PROBLEM STATEMENT ->
Retype word for word the stretch of entries below from the line that has "Оперативная память Silicon" through the line that has "2026 Lexus NX Hybrid 350h's photo", and omit the pictures.

SOURCE MATERIAL ->
<<<<

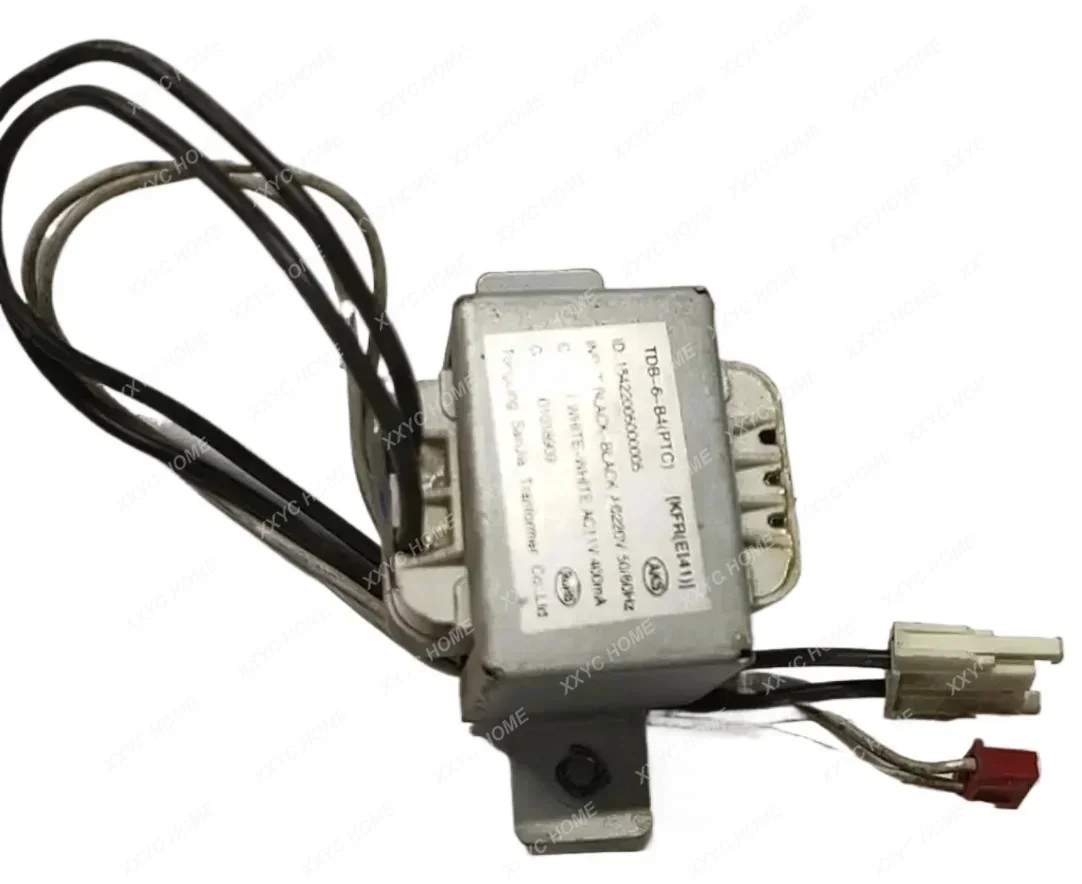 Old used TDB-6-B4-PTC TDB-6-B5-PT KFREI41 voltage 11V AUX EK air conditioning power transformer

>>>>
<<<<

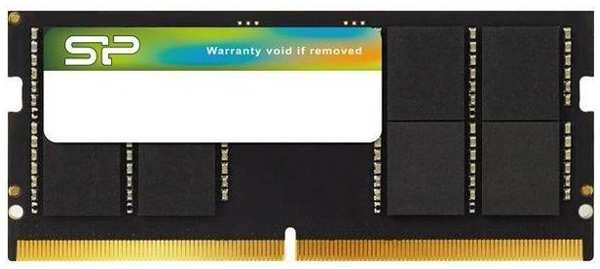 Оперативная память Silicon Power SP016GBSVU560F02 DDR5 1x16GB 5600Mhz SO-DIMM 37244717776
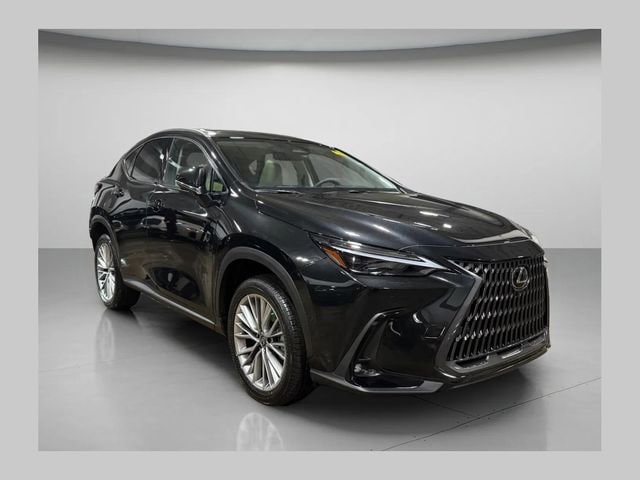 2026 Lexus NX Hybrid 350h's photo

>>>>

ANSWER FOR THIS EXERCISE ->
 Оперативная память Silicon Power SP016GBSVU560F02 DDR5 1x16GB 5600Mhz SO-DIMM 37244717776
 2026 Lexus NX Hybrid 350h's photo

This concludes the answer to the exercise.